RECORDS
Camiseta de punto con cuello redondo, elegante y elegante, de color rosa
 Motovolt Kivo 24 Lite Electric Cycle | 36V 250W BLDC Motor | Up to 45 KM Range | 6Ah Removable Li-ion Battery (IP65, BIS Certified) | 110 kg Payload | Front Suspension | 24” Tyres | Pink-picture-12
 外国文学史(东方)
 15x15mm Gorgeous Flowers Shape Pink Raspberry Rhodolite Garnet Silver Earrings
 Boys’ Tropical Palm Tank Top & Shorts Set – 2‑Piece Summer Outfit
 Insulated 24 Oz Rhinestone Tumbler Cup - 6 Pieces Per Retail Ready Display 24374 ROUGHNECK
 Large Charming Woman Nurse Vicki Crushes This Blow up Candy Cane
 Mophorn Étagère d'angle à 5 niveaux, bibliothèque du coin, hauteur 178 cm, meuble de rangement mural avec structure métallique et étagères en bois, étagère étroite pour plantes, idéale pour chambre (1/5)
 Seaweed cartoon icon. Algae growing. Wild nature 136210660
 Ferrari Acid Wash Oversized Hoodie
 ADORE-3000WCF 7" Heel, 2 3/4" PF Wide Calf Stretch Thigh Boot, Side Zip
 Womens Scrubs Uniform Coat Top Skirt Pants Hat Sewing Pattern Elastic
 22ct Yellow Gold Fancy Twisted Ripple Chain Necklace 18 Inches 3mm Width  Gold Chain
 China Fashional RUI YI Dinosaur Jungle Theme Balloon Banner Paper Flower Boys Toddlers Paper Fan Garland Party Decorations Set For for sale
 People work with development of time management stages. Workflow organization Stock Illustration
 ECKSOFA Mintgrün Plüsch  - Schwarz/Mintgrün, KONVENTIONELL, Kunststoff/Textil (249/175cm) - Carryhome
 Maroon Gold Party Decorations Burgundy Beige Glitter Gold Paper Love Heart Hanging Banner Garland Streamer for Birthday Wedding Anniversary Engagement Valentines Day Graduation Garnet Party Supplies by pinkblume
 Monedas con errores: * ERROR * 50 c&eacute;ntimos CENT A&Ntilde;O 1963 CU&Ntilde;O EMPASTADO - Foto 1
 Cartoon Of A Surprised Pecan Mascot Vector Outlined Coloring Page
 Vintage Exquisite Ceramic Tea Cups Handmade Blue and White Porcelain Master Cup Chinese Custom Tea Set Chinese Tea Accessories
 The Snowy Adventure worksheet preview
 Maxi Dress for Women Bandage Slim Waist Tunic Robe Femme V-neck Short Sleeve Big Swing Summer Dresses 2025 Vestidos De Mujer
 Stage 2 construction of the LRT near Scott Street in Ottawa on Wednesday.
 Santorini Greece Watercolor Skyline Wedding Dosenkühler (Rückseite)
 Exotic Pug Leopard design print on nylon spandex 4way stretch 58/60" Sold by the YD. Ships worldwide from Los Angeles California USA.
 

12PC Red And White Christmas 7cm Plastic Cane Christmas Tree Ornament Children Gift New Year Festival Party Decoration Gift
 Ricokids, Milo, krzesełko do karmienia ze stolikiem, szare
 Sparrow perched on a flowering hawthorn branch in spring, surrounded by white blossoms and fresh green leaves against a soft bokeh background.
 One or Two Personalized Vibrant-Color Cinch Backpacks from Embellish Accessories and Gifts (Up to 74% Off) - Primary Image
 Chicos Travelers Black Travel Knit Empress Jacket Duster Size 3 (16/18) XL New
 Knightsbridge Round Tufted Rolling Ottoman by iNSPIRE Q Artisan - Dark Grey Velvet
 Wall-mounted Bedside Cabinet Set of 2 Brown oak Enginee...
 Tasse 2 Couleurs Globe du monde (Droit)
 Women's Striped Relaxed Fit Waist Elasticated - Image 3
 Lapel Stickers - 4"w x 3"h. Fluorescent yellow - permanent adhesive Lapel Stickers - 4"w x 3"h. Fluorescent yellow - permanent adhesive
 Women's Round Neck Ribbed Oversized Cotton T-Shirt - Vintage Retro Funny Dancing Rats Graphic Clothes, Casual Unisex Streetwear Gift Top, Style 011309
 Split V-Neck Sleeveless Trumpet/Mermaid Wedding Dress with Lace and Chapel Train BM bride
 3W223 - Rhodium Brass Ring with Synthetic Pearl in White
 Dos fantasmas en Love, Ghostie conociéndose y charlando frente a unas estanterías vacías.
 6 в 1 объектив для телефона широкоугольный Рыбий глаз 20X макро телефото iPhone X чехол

WORK INSTRUCTIONS
In full and exactly, transcribe the material above.

RESULT FOR THIS TASK
Camiseta de punto con cuello redondo, elegante y elegante, de color rosa
 Motovolt Kivo 24 Lite Electric Cycle | 36V 250W BLDC Motor | Up to 45 KM Range | 6Ah Removable Li-ion Battery (IP65, BIS Certified) | 110 kg Payload | Front Suspension | 24” Tyres | Pink-picture-12
 外国文学史(东方)
 15x15mm Gorgeous Flowers Shape Pink Raspberry Rhodolite Garnet Silver Earrings
 Boys’ Tropical Palm Tank Top & Shorts Set – 2‑Piece Summer Outfit
 Insulated 24 Oz Rhinestone Tumbler Cup - 6 Pieces Per Retail Ready Display 24374 ROUGHNECK
 Large Charming Woman Nurse Vicki Crushes This Blow up Candy Cane
 Mophorn Étagère d'angle à 5 niveaux, bibliothèque du coin, hauteur 178 cm, meuble de rangement mural avec structure métallique et étagères en bois, étagère étroite pour plantes, idéale pour chambre (1/5)
 Seaweed cartoon icon. Algae growing. Wild nature 136210660
 Ferrari Acid Wash Oversized Hoodie
 ADORE-3000WCF 7" Heel, 2 3/4" PF Wide Calf Stretch Thigh Boot, Side Zip
 Womens Scrubs Uniform Coat Top Skirt Pants Hat Sewing Pattern Elastic
 22ct Yellow Gold Fancy Twisted Ripple Chain Necklace 18 Inches 3mm Width  Gold Chain
 China Fashional RUI YI Dinosaur Jungle Theme Balloon Banner Paper Flower Boys Toddlers Paper Fan Garland Party Decorations Set For for sale
 People work with development of time management stages. Workflow organization Stock Illustration
 ECKSOFA Mintgrün Plüsch  - Schwarz/Mintgrün, KONVENTIONELL, Kunststoff/Textil (249/175cm) - Carryhome
 Maroon Gold Party Decorations Burgundy Beige Glitter Gold Paper Love Heart Hanging Banner Garland Streamer for Birthday Wedding Anniversary Engagement Valentines Day Graduation Garnet Party Supplies by pinkblume
 Monedas con errores: * ERROR * 50 c&eacute;ntimos CENT A&Ntilde;O 1963 CU&Ntilde;O EMPASTADO - Foto 1
 Cartoon Of A Surprised Pecan Mascot Vector Outlined Coloring Page
 Vintage Exquisite Ceramic Tea Cups Handmade Blue and White Porcelain Master Cup Chinese Custom Tea Set Chinese Tea Accessories
 The Snowy Adventure worksheet preview
 Maxi Dress for Women Bandage Slim Waist Tunic Robe Femme V-neck Short Sleeve Big Swing Summer Dresses 2025 Vestidos De Mujer
 Stage 2 construction of the LRT near Scott Street in Ottawa on Wednesday.
 Santorini Greece Watercolor Skyline Wedding Dosenkühler (Rückseite)
 Exotic Pug Leopard design print on nylon spandex 4way stretch 58/60" Sold by the YD. Ships worldwide from Los Angeles California USA.
 

12PC Red And White Christmas 7cm Plastic Cane Christmas Tree Ornament Children Gift New Year Festival Party Decoration Gift
 Ricokids, Milo, krzesełko do karmienia ze stolikiem, szare
 Sparrow perched on a flowering hawthorn branch in spring, surrounded by white blossoms and fresh green leaves against a soft bokeh background.
 One or Two Personalized Vibrant-Color Cinch Backpacks from Embellish Accessories and Gifts (Up to 74% Off) - Primary Image
 Chicos Travelers Black Travel Knit Empress Jacket Duster Size 3 (16/18) XL New
 Knightsbridge Round Tufted Rolling Ottoman by iNSPIRE Q Artisan - Dark Grey Velvet
 Wall-mounted Bedside Cabinet Set of 2 Brown oak Enginee...
 Tasse 2 Couleurs Globe du monde (Droit)
 Women's Striped Relaxed Fit Waist Elasticated - Image 3
 Lapel Stickers - 4"w x 3"h. Fluorescent yellow - permanent adhesive Lapel Stickers - 4"w x 3"h. Fluorescent yellow - permanent adhesive
 Women's Round Neck Ribbed Oversized Cotton T-Shirt - Vintage Retro Funny Dancing Rats Graphic Clothes, Casual Unisex Streetwear Gift Top, Style 011309
 Split V-Neck Sleeveless Trumpet/Mermaid Wedding Dress with Lace and Chapel Train BM bride
 3W223 - Rhodium Brass Ring with Synthetic Pearl in White
 Dos fantasmas en Love, Ghostie conociéndose y charlando frente a unas estanterías vacías.
 6 в 1 объектив для телефона широкоугольный Рыбий глаз 20X макро телефото iPhone X чехол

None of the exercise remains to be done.